Comunicato stampa sull’aggressione avvenuta l’8 Agosto ad un giovane richiedente asilo ad Acqui Terme

“Fragilità che si scontrano, mentre dovrebbero incontrarsi”
Nella tarda mattinata dell’8 Agosto un giovane richiedente asilo accolto ad Acqui Terme in un progetto CAS della Prefettura è stato aggredito da un minore, in un ingiustificabile evento di bullismo gruppale durante il quale l’aggressione è stata filmata. In questi giorni il video è stato postato su Facebook.

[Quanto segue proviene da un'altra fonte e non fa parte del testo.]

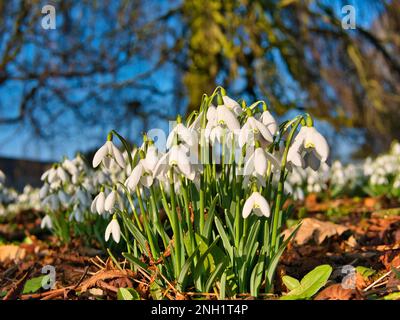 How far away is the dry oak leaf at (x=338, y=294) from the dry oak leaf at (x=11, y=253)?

La cooperativa CrescereInsieme, responsabile dell’accoglienza del richiedente asilo, al verificarsi dell’episodio ha provveduto alle procedure del caso: segnalando alle locali autorità di polizia e sporgendo denuncia.
Tuttavia, questo ulteriore sviluppo degli eventi ha portato sul caso una attenzione dei social e ci chiama a rispondere a quanti ci interrogano in merito a quanto accaduto.
CrescereInsieme, che da anni si occupa di integrazione e accoglienza su questo territorio, vuole così commentare:
– la violenza fisica agita contro il ragazzo richiedente asilo è anche frutto della dilagante e incontrollata violenza verbale che circola intorno al tema dei migranti, delle difficoltà che la loro presenza sul territorio comporta e della fatica ad incontrare il diverso-da-me.
– La comparsa del video sui social – e la sua virulenta circolazione online e sugli smartphone – sono la prova di una fatica ormai sempre più evidente di distinguere il vero dal virtuale, dei minori come degli adulti; la brutalità dei commenti che si possono leggere (su questo caso, come su molti altri) dovrebbe ferire i sentimenti di ogni uomo e donna, e non dare libero sfogo ad un compiaciuto cattivismo.
– Il fatto che l’aggressore sia un minore e l’aggredito sia un giovane richiedente asilo – ovvero entrambi persone che hanno bisogno di essere tutelate, guidate, aiutate, ed accolte – interroga le coscienze di tutti noi cittadini, sul lavoro da fare per recuperare umanità sul piano sociale, politico e delle relazioni tra le persone. Quando due fragilità si scontrano, invece di incontrarsi per costruire insieme un mondo bello e giusto, il senso stesso del nostro convivere civile viene stravolto e offeso.
– L’indifferenza dilaga, ma non vince. Alla fine del video si vede chiaramente una persona intervenire per arrestare la violenza dell’aggressore. Vogliamo dirgli GRAZIE, di cuore, per aver trovato il coraggio di un gesto così importante. E con lui ringraziare tutti coloro che lavorano per la pace, il bene comune, il rispetto dei diritti e doveri e la democrazia.
Fortunatamente il nostro ospite ad oggi sta bene, è seguito dagli operatori e affiancato dai compagni, anche questa vicenda porta tutti i nostri sforzi a pensare all’importanza del nostro lavoro quotidiano e dall’impegno di tutti per costruire occasioni di incontro, dialogo e amicizia chiamando al nostro fianco istituzioni e cittadini di buona volontà.